The way it works is that you decide what you want to do. You figure out what spheres it needs to make it happen. The GM decides how many successes you need to roll to do it. Then you roll Arete.
Simple enough. Except Arete is probably going to be rated from 3-5, giving you only a few dice to roll at a time (in every edition of the game, Arete starts at one and is capped at 3 during character creation, a move that is as enraging as it is baffling), but the guidelines for how many successes something costs suggest that effects will need several, possibly even dozens, of successes to activate. This leads to Mage leaning on the Storyteller System's worst mechanic - extended rolls.

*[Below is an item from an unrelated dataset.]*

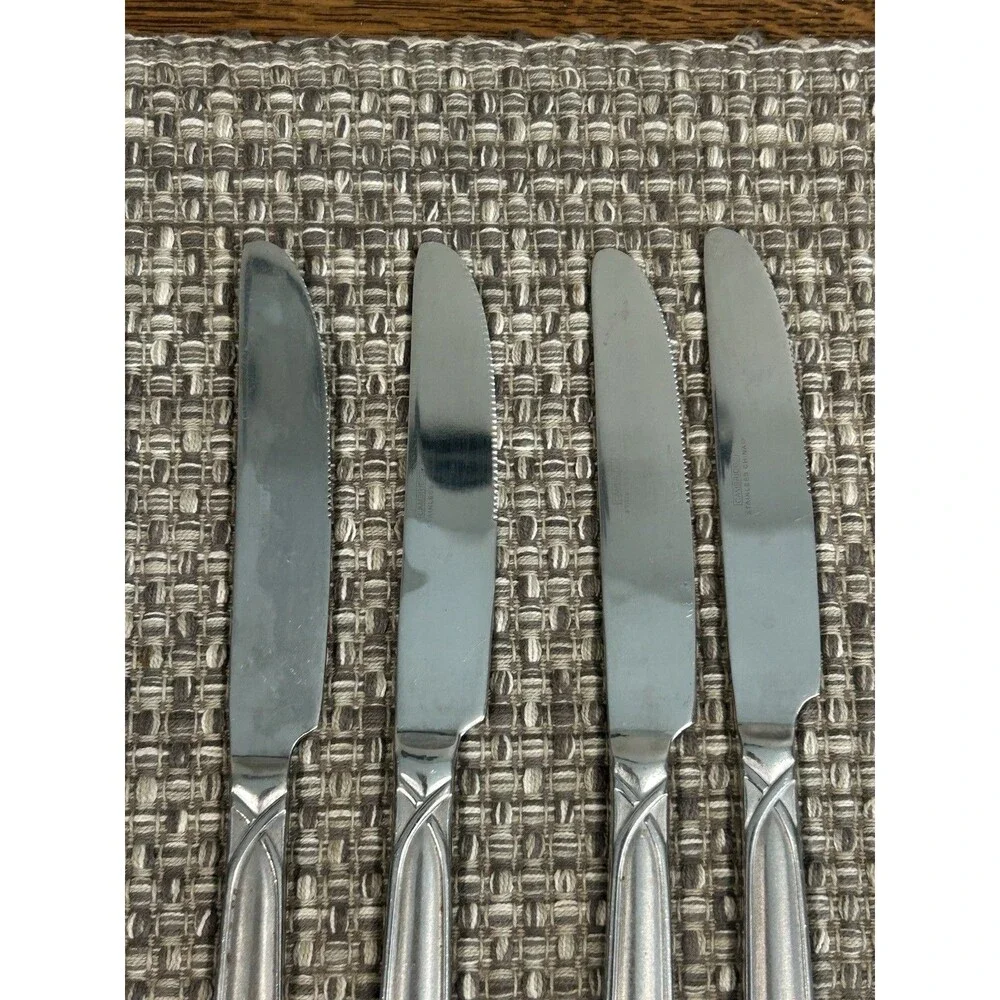 Cambridge Crossroad Sand Dinner Knives Stainless Steel Flatware Set Of 10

The end result is a highly technical system where you're constantly counting, calculating difficulties, and trying to eyeball the remaining time to completion. And while I might have made it sound more engaging than it turned out to be, even for people who like the fiddliness of the the current system, it undeniably forces setting, thematic, and narrative considerations to compete for the players' limited headspace.
Though I personally prefer a more baroque system where every Tradition gets an Exalted-style fatsplat that makes it feel different in play, it's probably more in keeping with the spirit of old Storyteller too streamline the system. I think what Mage really wants is a magic system that gets out of the way. Maybe spellcasting sould be something like Adventure!'s dramatic editing. Take the dice completely out of it. At the very least, if the maximum Arete dice pool is 10, then there should be no magical effect that requires more than 10 successes. If you don't want long-duration effects to happen on an instant scale, just require a longer casting time before you allow the roll. Free up mental room for elaborate descriptions.
Hindsight is 20/20, though. I'm pretty sure that the Sphere system is Mage's high concept and the Traditions evolved over time as both the authors and fans became more interested in the game's philosophical themes.
Ukss Contribution: This has actually been one of the weaker Mage books when it comes to novel fantasy ideas. I'll go with the Nightmare Theater. There are no details about what it's like or what happens there. I just like the name.